Hinzu kommen jede Menge rechtliche Probleme. Wer kümmert sich darum? Valve? Viele Mods verwenden Sachen aus Filmen, anderen Spielen, Comics und was weiß ich. Also Copyright geschützte Sachen. Das wird bisher ja nur geduldet, weil es kostenlos ist. Würden die Leute damit Geld verdienen, dann hätten sie aber sehr schnell diverse Anwälte an den Hacken. Nehmen wir beispielsweise auch Communitypatches für Pro Evolution Soccer, die die fehlenden Daten der Vereine und Spieler hinzufügen. Da wäre auch sofort schluss damit  
Meiner Meinung nach lebt das Modden und die Community ja davon, dass es kostenlos ist.


----------



## McDrake (11. Februar 2017)

Gemar schrieb:


> Sehe das wie Sanador!
> Valve will hier noch noch mehr abzocken.
> Wenn Mods Geld kosten sollen, dann sollen sie es gefälligst als DLC verkaufen und nicht als Mod.
> 
> ...


Jaein.
Für die Modder könnte Steam eben auch das ganze Admisinstrative machen.

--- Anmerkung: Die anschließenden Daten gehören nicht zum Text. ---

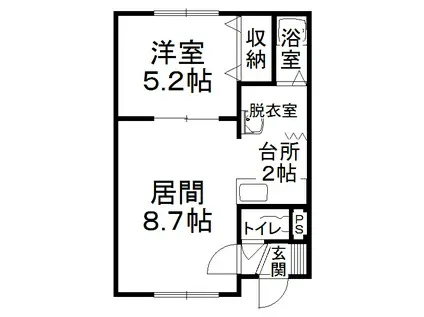 メゾンダイトIII(1DK/2階)の間取り写真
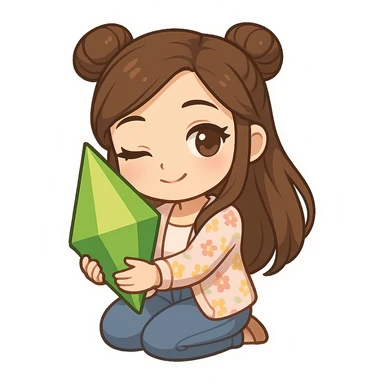 3D chibi style high-quality rendering smooth shadows soft gradients girl with long brown hair styled in two space buns brown eyes wearing jeans pastel floral cardigan thick white outline like a sticker transparent background flirty holding hugging a Plumbob preserve facial features sticker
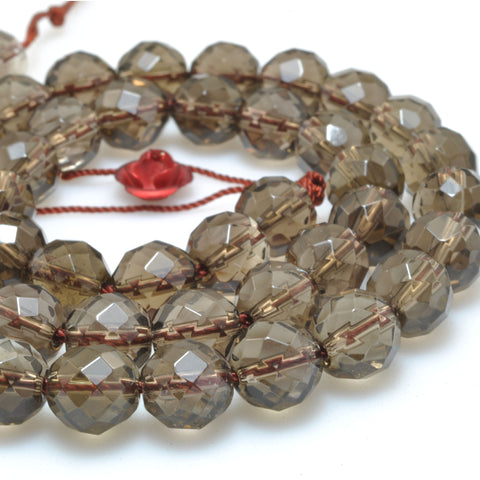 YesBeads Natural Smoky Quartz faceted round loose beads wholesale gemstone jewelry making 15"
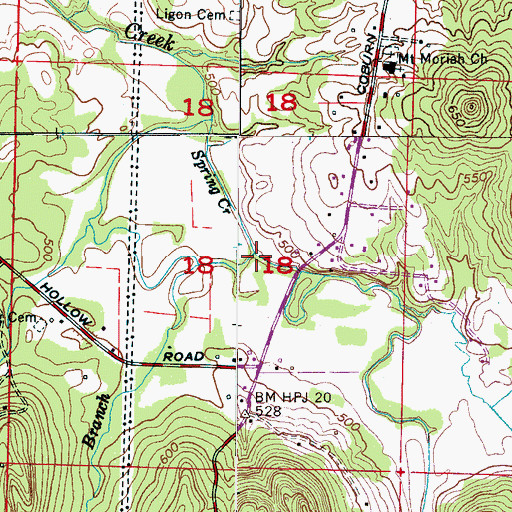 Topographic Map of Cabin Branch, AL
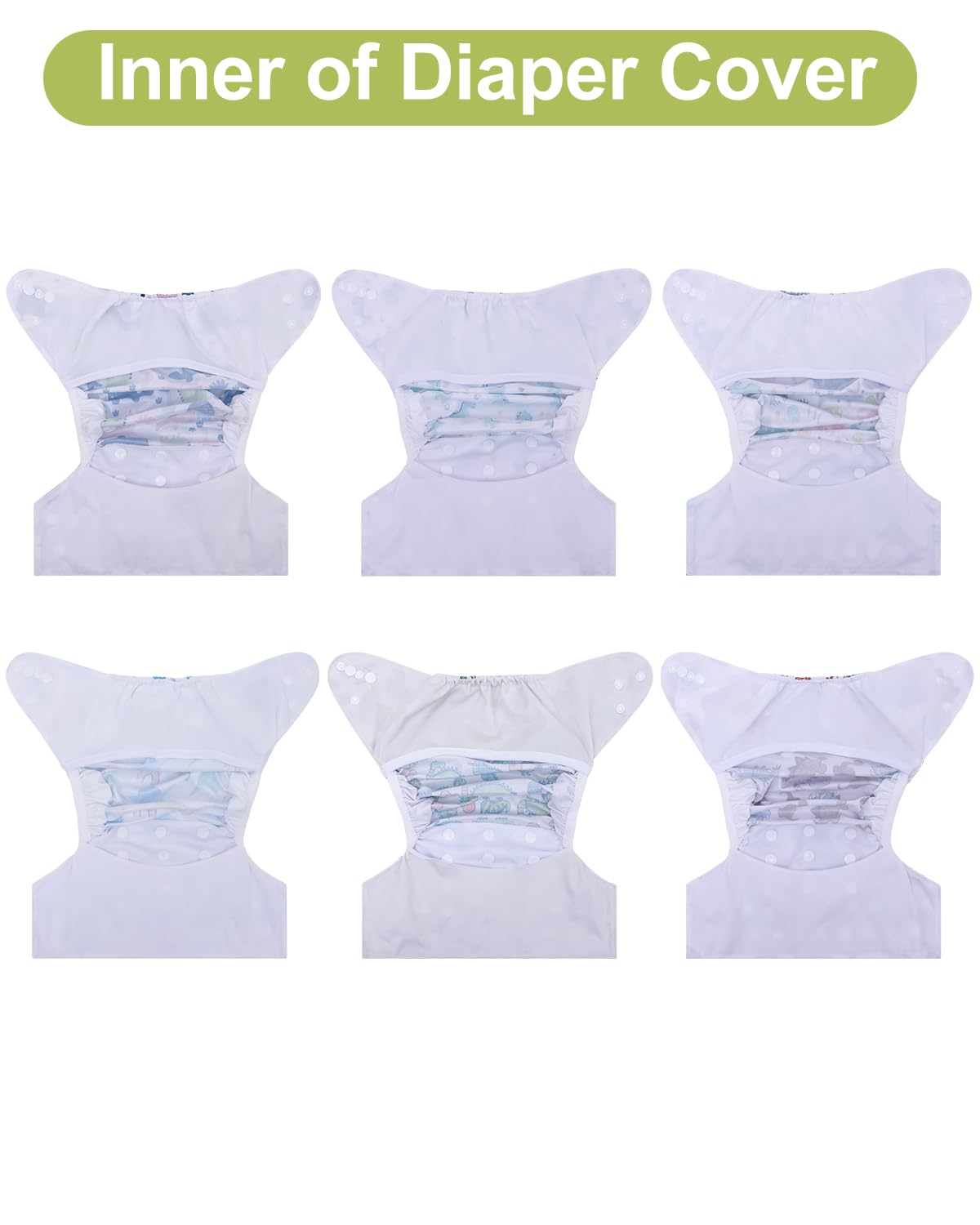 babygoal Cloth Diaper Covers 6 Pack with Wet Bag for Fitted Diapers and Prefolds with Double Gussets, Adjustable and Reusable for Baby Boys and Girls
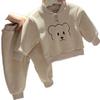 Trajes de Otoño e Invierno para Niños y Niñas Moda para Bebés Niños Niñas Estiloso de Marca de Moda Grueso Polar Dibujos Animados Sudadera Pantalones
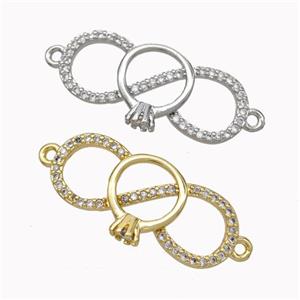 Copper Infinity Connector Micropave Zirconia Mixed, approx 12-25mm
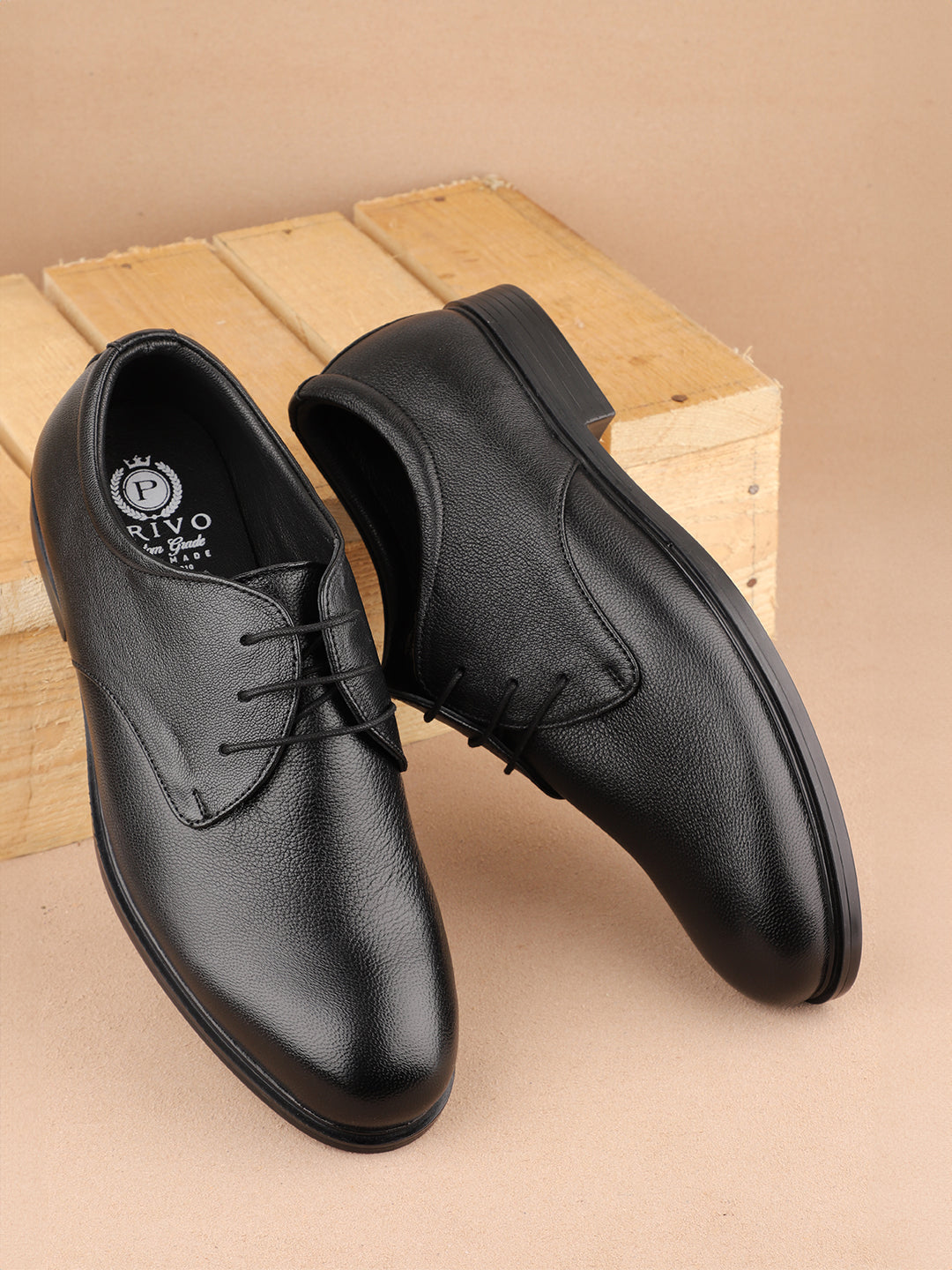 Men Black Solid Formal Lace Up Derby Shoes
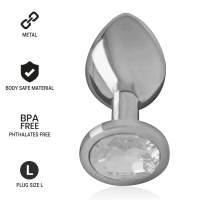 Intense metal butt plug size L Silver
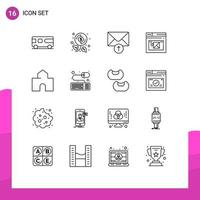 Mobile Interface Outline Set of 16 Pictograms of fortress architecture mail website page Editable Vector Design Elements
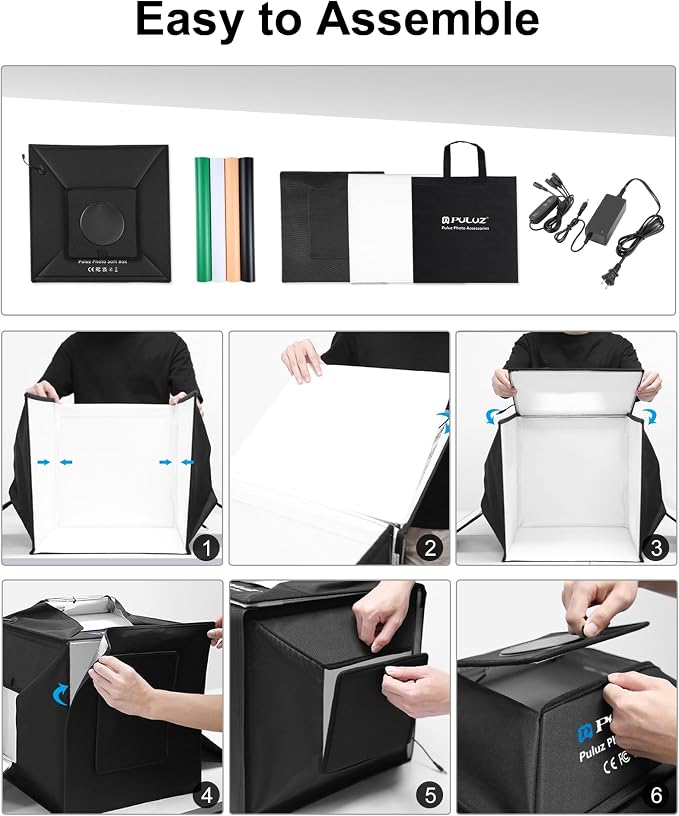 PULUZ Upgrade Light Box & Soft Box, 16"x16" Professional Shooting Tent with 480 LED Lights Photo Studio Light Box Photography with 4 Color PVC Backdrops for Jewelry and Product Photography - Image 6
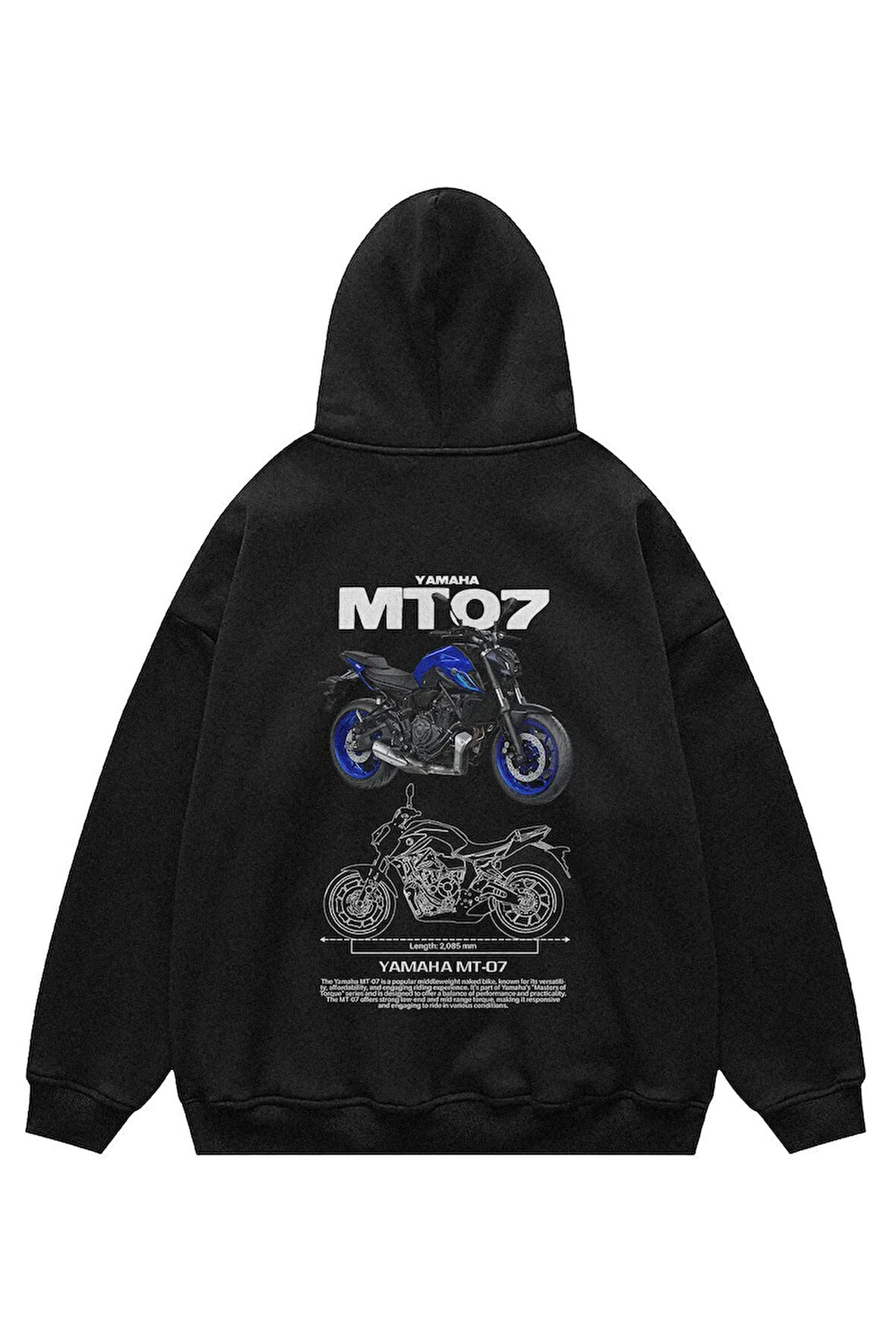 Unisex Yamaha MT 07 Sweatshirt Kapşonlu Hoodie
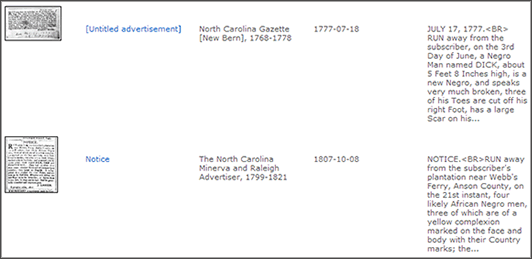 Screenshot from North Carolina Runaway Slave database. Screenshot from North Carolina Runaway Slave database.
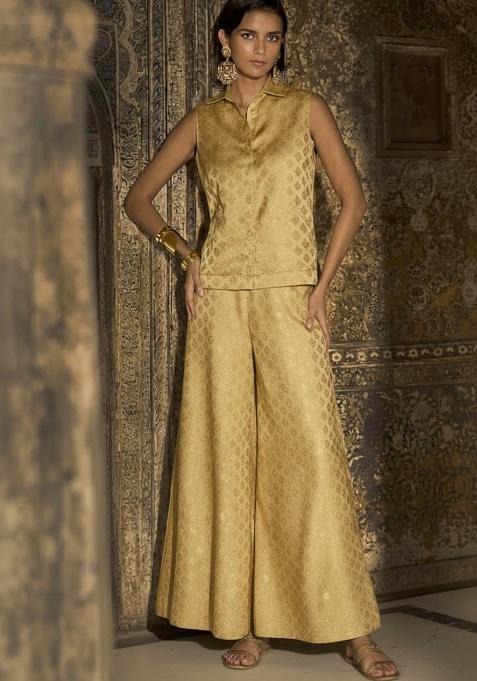 Mustard Brocade Fusion Set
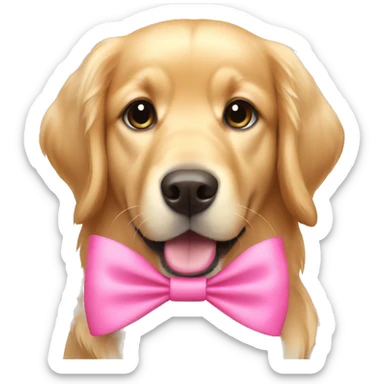 Golden retriever with pink bow  sticker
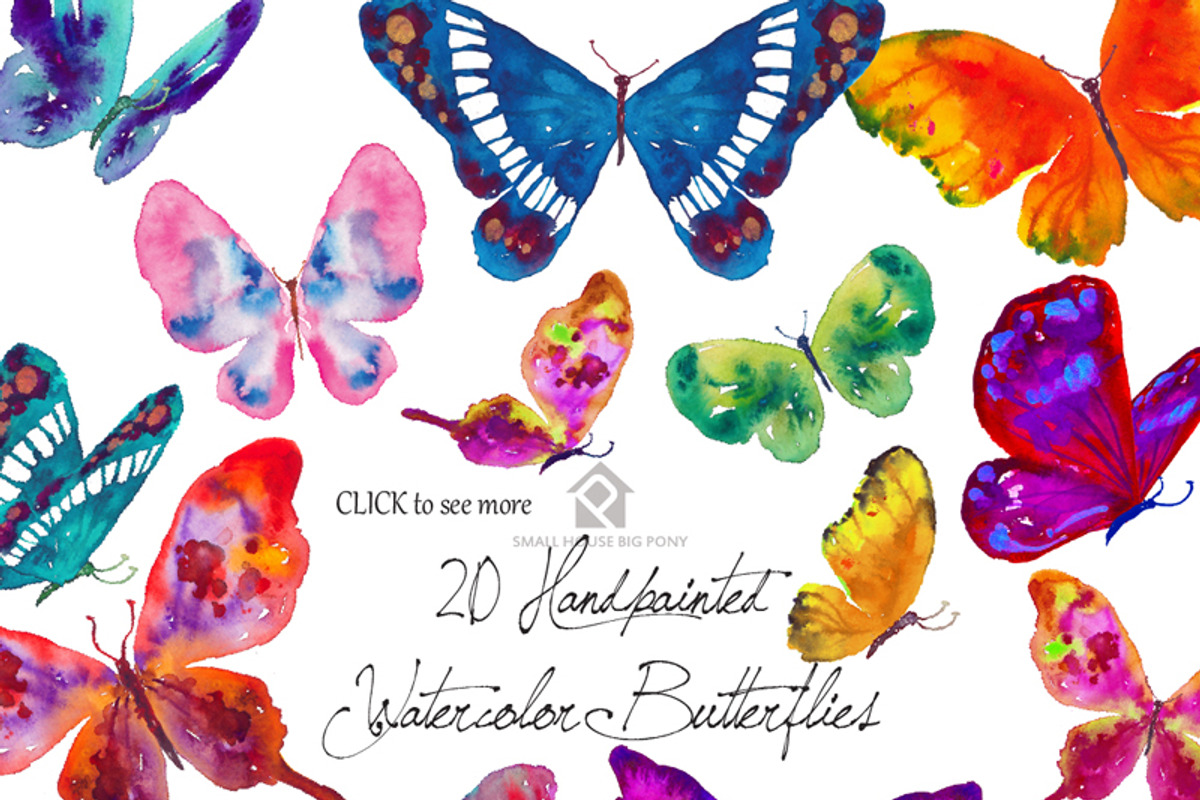 20 Watercolor Butterflies, an Illustration by SmallHouseBigPony (Photo 2 of 4)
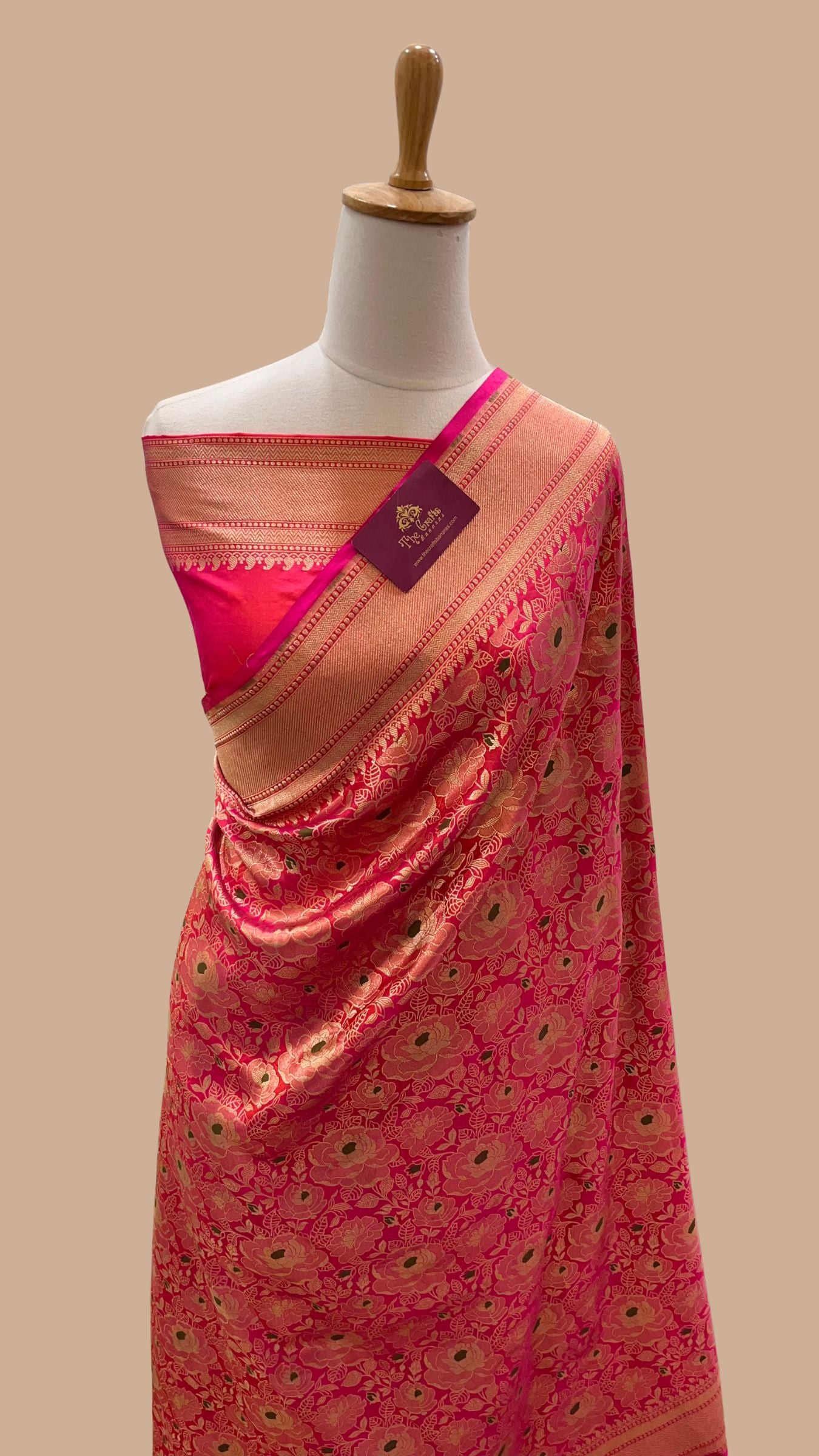 Pure Katan Silk Handloom Banarasi Saree - Tanchui Brocade Meena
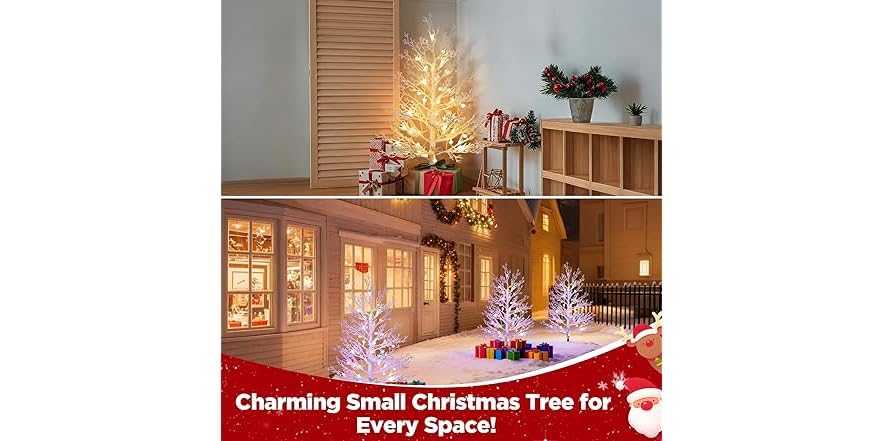 Brightever 3FT Small Christmas Tree with Lights, Pre-lit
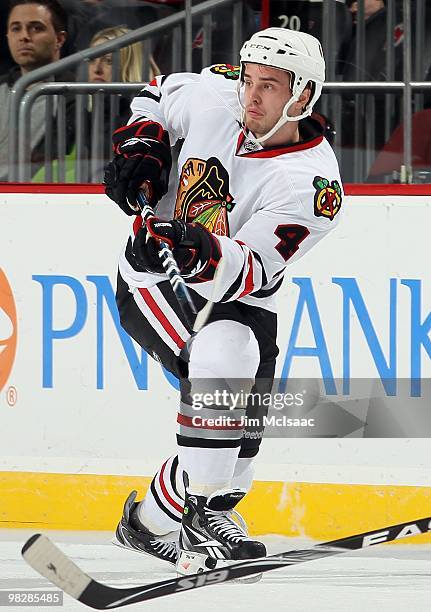 Niklas Hjalmarsson of the Chicago Blackhawks skates against the New Jersey Devils at the Prudential Center on April 2, 2010 in Newark, New Jersey....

Schöner fände ichs aber auch, wenn das zum Beispiel über NEXUS gemacht würde.
Nur stellt Steam mit ihrer Plattfirm halt schon was mächtiges und oft benutztes System, was den Moddern halt auch eine grosse Verbreitung garantiert. 
Und viele User haben da schon ihre Zahlungsoptionen hinterlegt.


----------



## Svatlas (11. Februar 2017)

Das Modder entlohnt werden sollen, da bin ich stark dafür! Das ist wirklich viel Arbeit und gute Software/Texturen sind alle nicht billig. Ich habe selber damit angefangen und  es ist schon sehr beachtlich was alles dahinter steckt. Dennoch bin ich auch nicht dafür, das Valve sich so die Taschen füllen will. Das erste Modell war schon Abzocke am Modder. Als ich die Vereinbarung gelesen habe, dachte ich nur noch: "What the fuck!" und habe Sie direkt wieder geschlossen.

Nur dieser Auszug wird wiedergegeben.